A rather dull and pedestrian story to begin an anthology with, Watson uncharacteristically documenting the intricacies of finger printing rather than injecting any excitement or urgency into the proceedings. At the half way stage I was almost hoping for the introduction of a Pygmy or two. Holmes seems perpetually on the verge of calling all and sundry, including Watson, blithering morons. The only lighter moment in the whole affair is the alacrity that Watson show more displays in choosing Ilfracoombe over Tenby as a holiday destination.
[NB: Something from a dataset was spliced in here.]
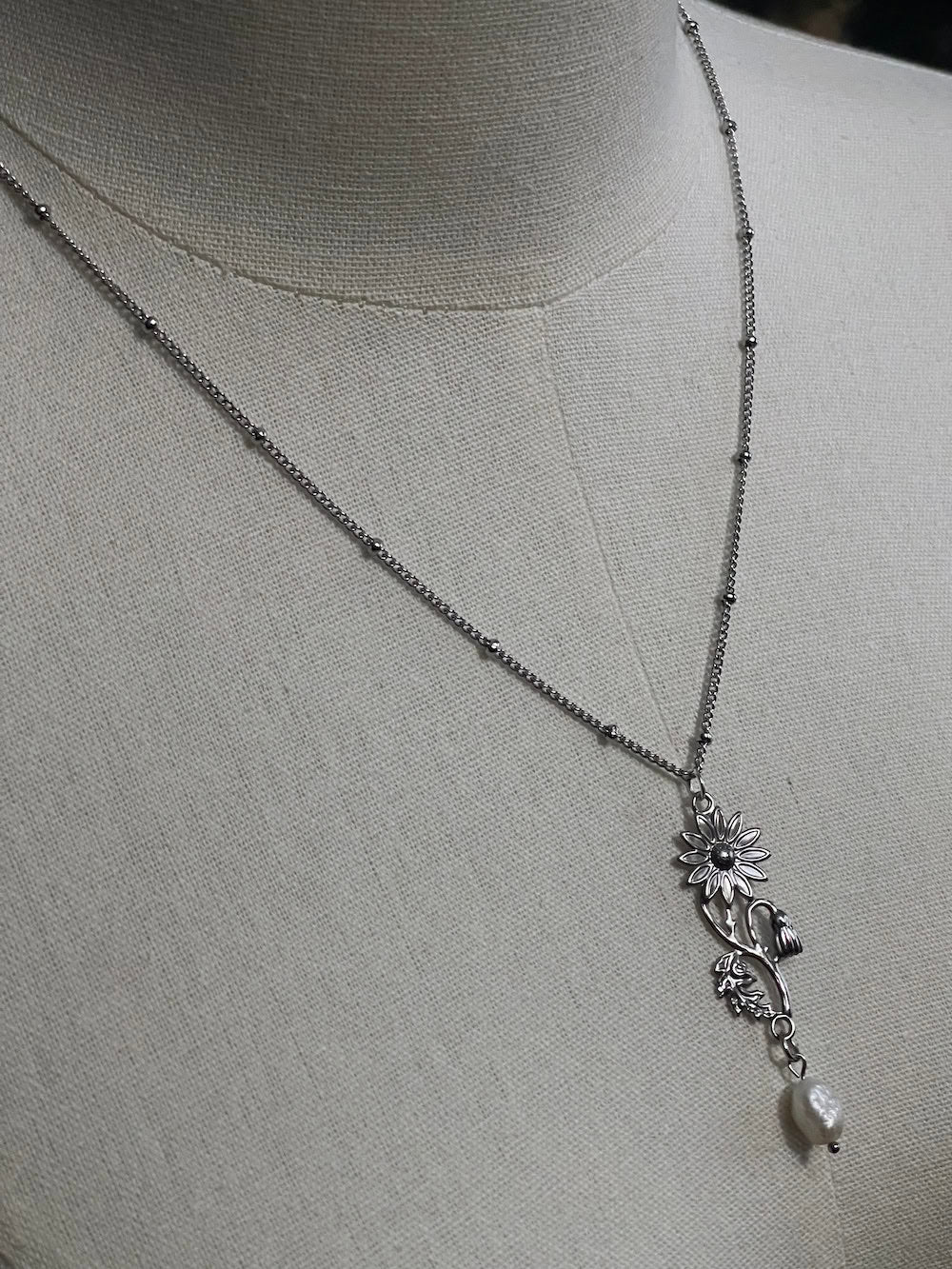 A mannequin wearing a historical jewelry inspired vintage style daisy flower pendant necklace with pearl dangle in silver toned stainless steel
The Case of the King's Evil.
This one was much more to my liking. The plot, though not too murky in it's complexity, is still interesting enough to hold the interest, mainly due to how Holmes handles affairs, maintaining a teasing attitude with Watson throughout, which all stems from how the case initially requested aid from the good Doctor and not the better than good detective. The case takes the pair to Norfolk to discover what happened to two brothers, lighthouse keepers both, who have gone missing after a witnessed fight. There are good descriptions throughout of the estuary, the mudflats and the treacherous tides and quicksand under foot. There is a particularly suspenseful sequence out on the mud flats, the tide rushing in, as Holmes pushes bullishly toward a solution with Watson in reluctant tow, the latter seemingly with more mind to the danger the environment poses than the other. I must admit to a fairly rabid fetish in myself for lighthouses, so combining my Holmesian obsession with such is a double whammy. Good stuff.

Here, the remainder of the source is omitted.